Art and Sex Along the New York Waterfront
NEW YORK, NY - "The Piers: Art and Sex along the New York Waterfront" is the first museum exhibition to focus exclusively on the uses of the Hudson River docks by artists and a newly emerging gay subculture. It presents over 70 works of art that demonstrate how the gay liberation movement--spurred by the 1969 Stonewall riots--transformed the cultural and social landscape of New York.
For the first time such seminal works of the New York avant-garde as Vito Acconci’s Untitled Project for Pier 17, Gordon Matta-Clark’s, Day’s End and David Wojnarowicz’s Rimbaud in New York, will be shown alongside little known photographs of the gay cruising scene by Leonard Fink, Frank Hallam, Lee Snider, and Rich Wandel.
After years of persecution and repression in the 1950s and 60s, the counter-culture revolution of the late 1960s brought about many cultural changes; this was especially true of changes in sexual attitudes. Public nudity and sex were becoming more accepted, especially as subject matter for artists seeking new forms of expression.

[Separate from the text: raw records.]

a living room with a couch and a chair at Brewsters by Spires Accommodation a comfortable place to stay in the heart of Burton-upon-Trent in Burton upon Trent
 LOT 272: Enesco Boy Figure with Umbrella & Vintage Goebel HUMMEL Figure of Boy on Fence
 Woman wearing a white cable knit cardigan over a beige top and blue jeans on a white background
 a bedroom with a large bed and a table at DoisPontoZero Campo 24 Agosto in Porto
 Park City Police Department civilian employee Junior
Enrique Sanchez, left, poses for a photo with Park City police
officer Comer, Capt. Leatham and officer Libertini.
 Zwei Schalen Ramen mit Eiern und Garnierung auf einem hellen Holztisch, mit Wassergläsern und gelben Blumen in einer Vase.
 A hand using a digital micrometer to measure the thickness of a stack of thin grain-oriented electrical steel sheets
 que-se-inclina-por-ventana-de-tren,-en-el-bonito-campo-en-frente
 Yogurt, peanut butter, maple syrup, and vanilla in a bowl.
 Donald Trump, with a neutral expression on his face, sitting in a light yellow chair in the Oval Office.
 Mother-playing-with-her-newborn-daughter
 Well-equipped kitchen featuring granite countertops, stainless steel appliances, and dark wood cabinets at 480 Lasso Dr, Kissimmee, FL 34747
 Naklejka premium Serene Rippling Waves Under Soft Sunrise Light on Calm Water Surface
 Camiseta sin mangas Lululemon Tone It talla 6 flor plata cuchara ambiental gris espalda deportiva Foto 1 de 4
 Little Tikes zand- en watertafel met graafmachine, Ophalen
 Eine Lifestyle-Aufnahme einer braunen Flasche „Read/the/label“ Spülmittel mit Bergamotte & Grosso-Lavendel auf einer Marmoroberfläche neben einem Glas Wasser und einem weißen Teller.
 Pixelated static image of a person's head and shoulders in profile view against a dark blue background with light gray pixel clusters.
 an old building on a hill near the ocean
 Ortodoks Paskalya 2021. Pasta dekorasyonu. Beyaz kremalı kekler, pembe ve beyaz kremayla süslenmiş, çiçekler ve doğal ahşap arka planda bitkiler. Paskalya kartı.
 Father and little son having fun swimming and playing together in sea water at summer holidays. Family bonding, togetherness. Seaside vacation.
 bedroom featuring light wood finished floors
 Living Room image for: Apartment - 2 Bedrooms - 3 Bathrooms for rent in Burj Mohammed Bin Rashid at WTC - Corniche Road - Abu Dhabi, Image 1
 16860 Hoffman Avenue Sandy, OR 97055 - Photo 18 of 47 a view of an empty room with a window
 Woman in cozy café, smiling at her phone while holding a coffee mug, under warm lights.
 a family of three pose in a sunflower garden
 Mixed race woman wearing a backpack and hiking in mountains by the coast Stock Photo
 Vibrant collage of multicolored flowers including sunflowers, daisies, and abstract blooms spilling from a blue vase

In the post-Stonewall era, these new-found freedoms were swept up into a changing socio-political and historical landscape that gave rise to the gay rights movement. The New York Piers, where many gay New Yorkers gathered in the late 1960s and 1970s, where these new sexual freedoms were often played out, became the crossroads for an emerging gay subculture and for artists of that period.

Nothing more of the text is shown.